* _EXERCISE INSTRUCTIONS_: Write out the lines below exactly, beginning at the one with "Amber Rectangle Pendant" and stopping after the one with "Japanese Gothic Unique"; the pictures are not copied.

* _RECORD EXTRACTS_:

******

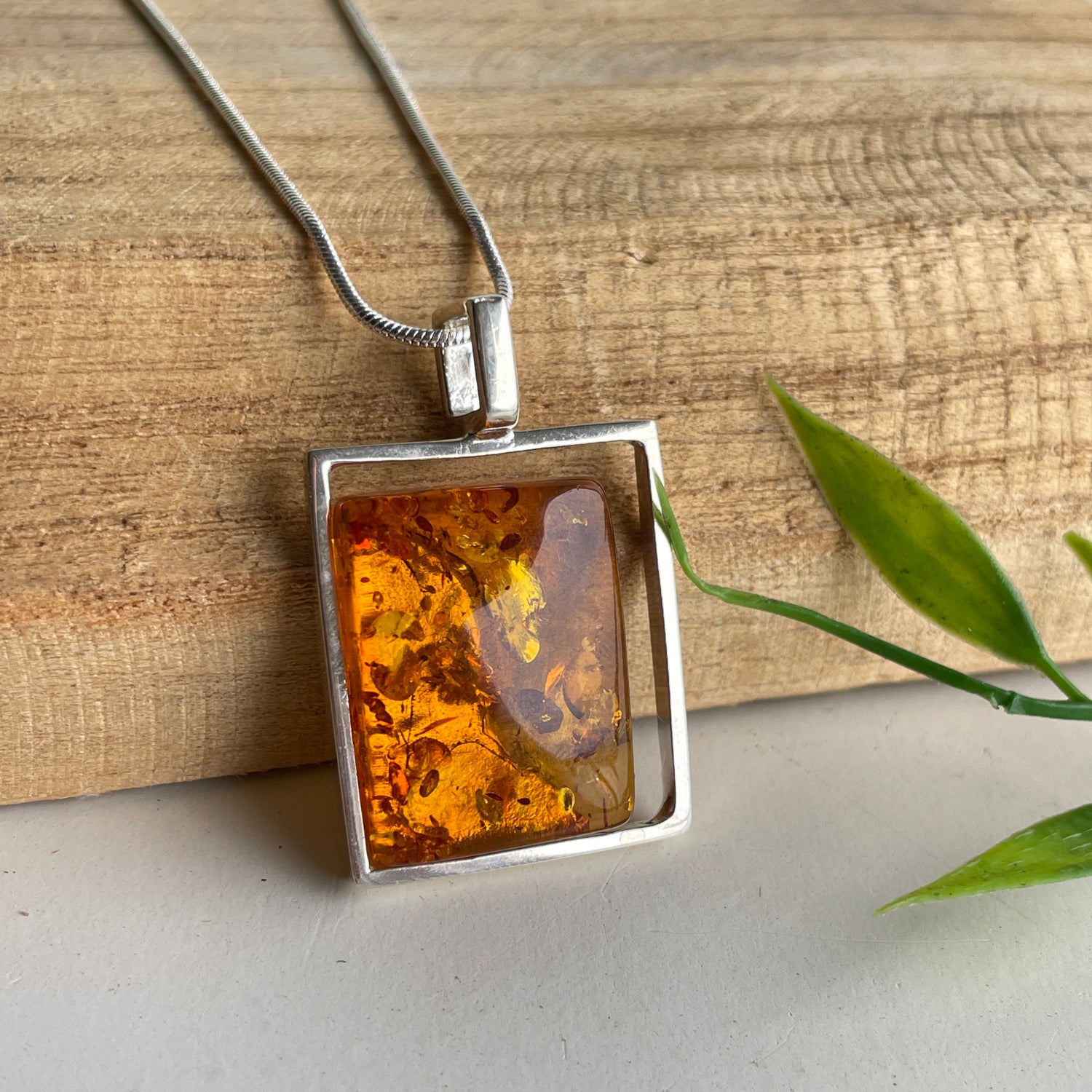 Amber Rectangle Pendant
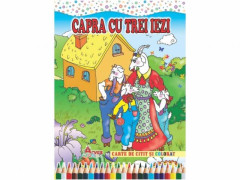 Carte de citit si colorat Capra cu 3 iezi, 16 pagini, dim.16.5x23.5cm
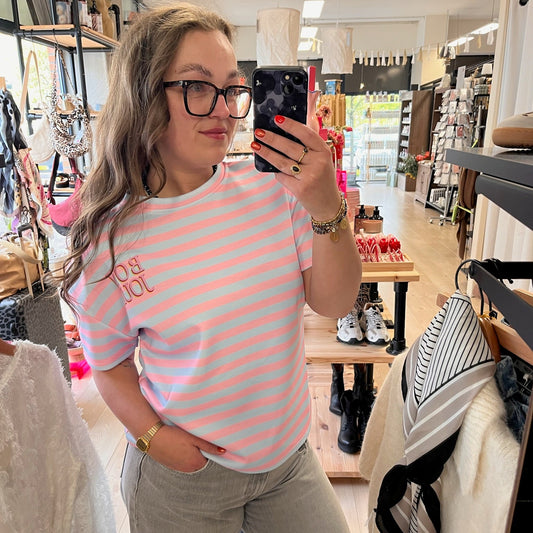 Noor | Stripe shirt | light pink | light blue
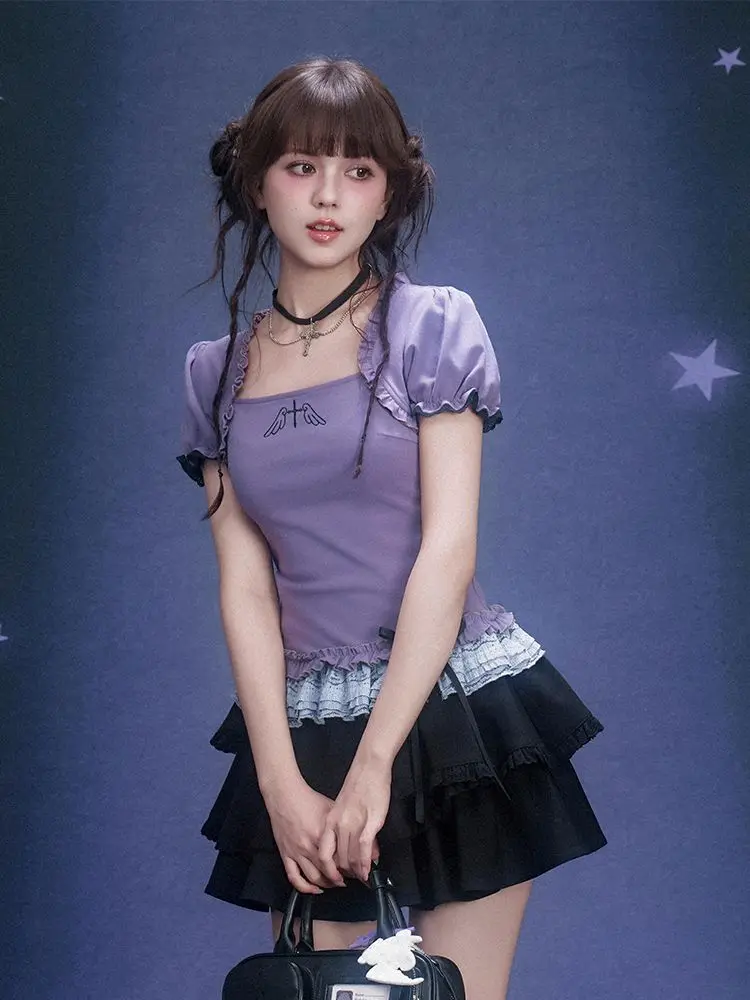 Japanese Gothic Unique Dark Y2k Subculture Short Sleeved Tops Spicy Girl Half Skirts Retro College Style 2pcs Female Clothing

******

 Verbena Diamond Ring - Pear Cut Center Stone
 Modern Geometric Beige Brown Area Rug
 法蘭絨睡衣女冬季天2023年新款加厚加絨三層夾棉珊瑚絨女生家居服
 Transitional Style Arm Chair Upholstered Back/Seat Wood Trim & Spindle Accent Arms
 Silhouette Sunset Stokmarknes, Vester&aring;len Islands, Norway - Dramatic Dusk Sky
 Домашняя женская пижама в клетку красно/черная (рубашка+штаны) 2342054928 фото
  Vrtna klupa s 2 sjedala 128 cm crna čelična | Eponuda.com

******

* _OUTPUT BELOW_:
 Amber Rectangle Pendant
 Carte de citit si colorat Capra cu 3 iezi, 16 pagini, dim.16.5x23.5cm
 Noor | Stripe shirt | light pink | light blue
 Japanese Gothic Unique Dark Y2k Subculture Short Sleeved Tops Spicy Girl Half Skirts Retro College Style 2pcs Female Clothing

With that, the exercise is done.